Hi all , just insured with Adrian flux ( Friday to start Monday )and after the policy being late ( not being able to tax my campervan ) they are now saying they want a copy of my licence , I have never had this before and don't understand why they didn't tell me on the day I started and opened my policy , I have called them and asked for proof from the underwriters as it apparently them that are asking for it and they said no , when I asked why I was told that they would cancel my policy if I didn't send it ,I told them I was not refusing but wanted a written request from the underwriters ,in the end they put the phone down , I called again and after the receptionist trying to lay the law down I am expecting a call from a manage ,  (won't hold my breath ) , is this the norm as I have never been asked for my licence before , surely my details could get into the wrong hands ( licence reference number ) , have any of you had this problem or any problem with Adrian Flux , cheers Shawbags .


----------



## hunterd01 (Dec 4, 2013)

*Adrian Flux*

I had the same problem. I scanned the documents and emailed the details. I agree that this requirement was not mentioned initially. I doubt if I will renew with them; the hassle really annoyed me. I don't think that you have any choice but to comply, or you could cancel... Cheers Dave


----------



## PinkFlowerPetal (Dec 4, 2013)

I have just changed my insurance company, and I had to send copies of my drivers licence (both parts).


----------



## shawbags (Dec 4, 2013)

hunterd01 said:


> I had the same problem. I scanned the documents and emailed the details. I agree that this requirement was not mentioned initially. I doubt if I will renew with them; the hassle really annoyed me. I don't think that you have any choice but to comply, or you could cancel... Cheers Dave



Hi Dave , trouble is they will probably try and take a part of my payment even though I have only been insured for 2 days , if they had mentioned it at the time it wouldn't be so bad , its the fact it was never mentioned that gets me !! , they know people will question it !! , its seems sneaky to me , I've called again and I am waiting for a call back ,again I won't hold my breath , Cheers.


----------



## mark61 (Dec 4, 2013)

This is why they say they ask. 


Why do we Check your Driving License? - Fluxposure | The Adrian Flux Insurance Blog


----------



## Sharon the Cat (Dec 4, 2013)

I have been asked in the past. It is because not everyone is honest when reporting points etc.

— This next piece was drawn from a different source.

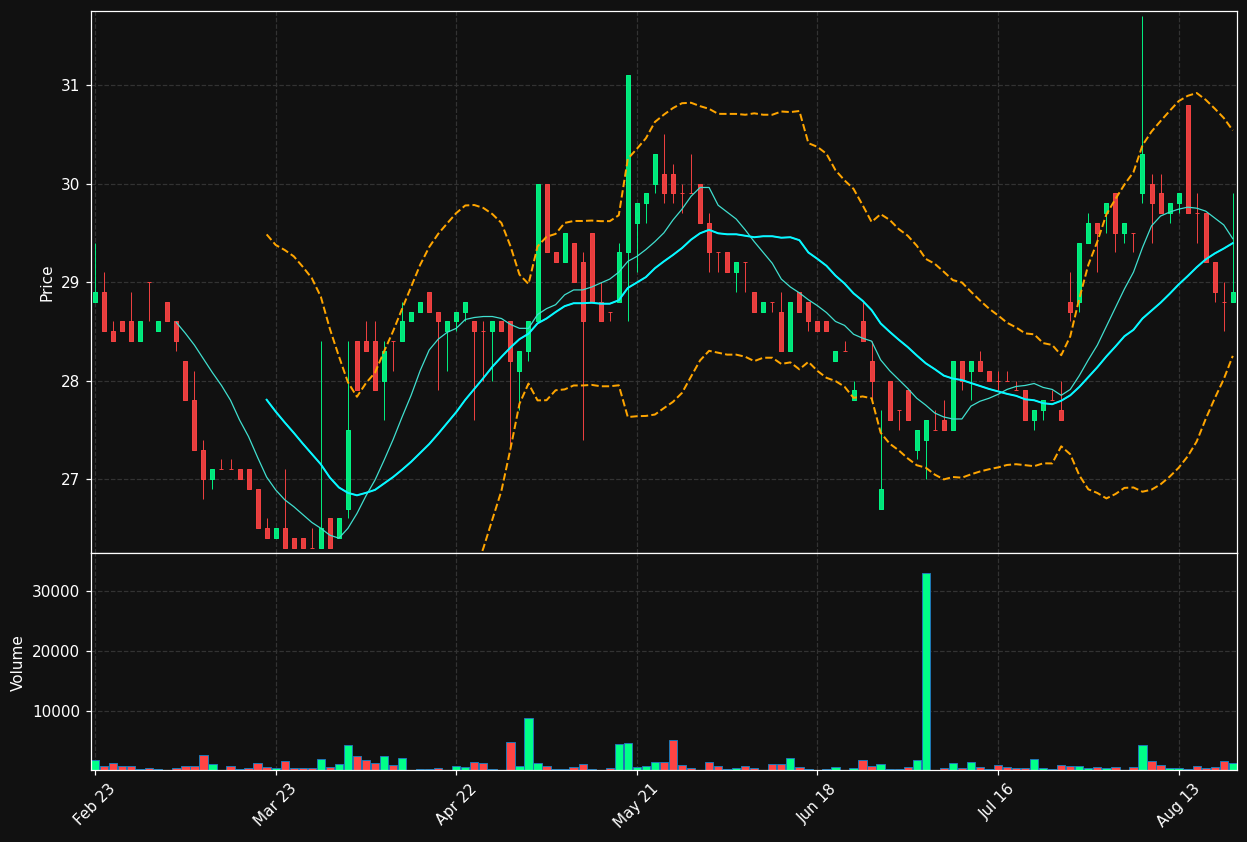 SDG.PA chart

I wouldn't bother fighting it as they will soon have access to this data anyway, without your input.

BBC News - Driver data to be open to motor insurers


----------



## shawbags (Dec 4, 2013)

mark61 said:


> This is why they say they ask.
> 
> 
> Why do we Check your Driving License? - Fluxposure | The Adrian Flux Insurance Blog



Yes I was reading that a few minutes ago but why did they not ask at the time I was taking out the policy , they said they would need a copy of my no claims to be sent through the post so why did they not say anything about my licence  they told me a list of others things to do with the policy , I asked for a request in writing from the underwriter and I was spoken to as if they were the LAW and I had to comply , they refused to give me anything in writing from the underwriter and that was it ! , maybe I should have done my homework a little better but in saying that why is it that we have to be so blooby carefull with everybody we deal with ,I do not trust them any more , I have the email address for the CEO i will see what joy i get from him. cheers.


----------



## daisymini (Dec 4, 2013)

I have just insured with Adrian Flux and had to do the same, I had to send copies of my drivers licence and no claims bonus from my previous company , I didnt have a problem with it and found them very helpful.  I just scanned them and e mailed them ...job done..!!


----------



## shawbags (Dec 4, 2013)

Sharon the Cat said:


> I have been asked in the past. It is because not everyone is honest when reporting points etc.
> 
> I wouldn't bother fighting it as they will soon have access to this data anyway, without your input.
> 
> BBC News - Driver data to be open to motor insurers



One of the women i spoke to got realy stropy and told me they could get the information from the DVLA anyway , very stropy , so i said if that's the case then feel free , she stuttered a little and told me if i don't send it they will cancel my policy , if they can get it anyway why ask ?? , once they have your money you are f*^ked , no respect any more ,the customer is nothing once they have paid .


----------



## Wooie1958 (Dec 4, 2013)

I would say it`s blatantly obvious.

It`s because you are all Dodgy Characters  ..........................................  LOL.


----------



## Deleted member 775 (Dec 4, 2013)

i was with mr flux and tell you the truth wont go with them again .not just for them wanting my licence details as many companies need the info to stop fraud ,but if you miss a payment they charge 20quid late payment ,which is far too much ,there not the friendliest either .i am with the coop now


----------



## Deleted member 3802 (Dec 4, 2013)

This now seems normal practise where as before they never bothered ! UNTIL you had a claim and they wanted an excuse not to pay out ! so they then started to do the checks to see if you had told the truth


----------



## shawbags (Dec 4, 2013)

daisymini said:


> I have just insured with Adrian Flux and had to do the same, I had to send copies of my drivers licence and no claims bonus from my previous company , I didnt have a problem with it and found them very helpful.  I just scanned them and e mailed them ...job done..!!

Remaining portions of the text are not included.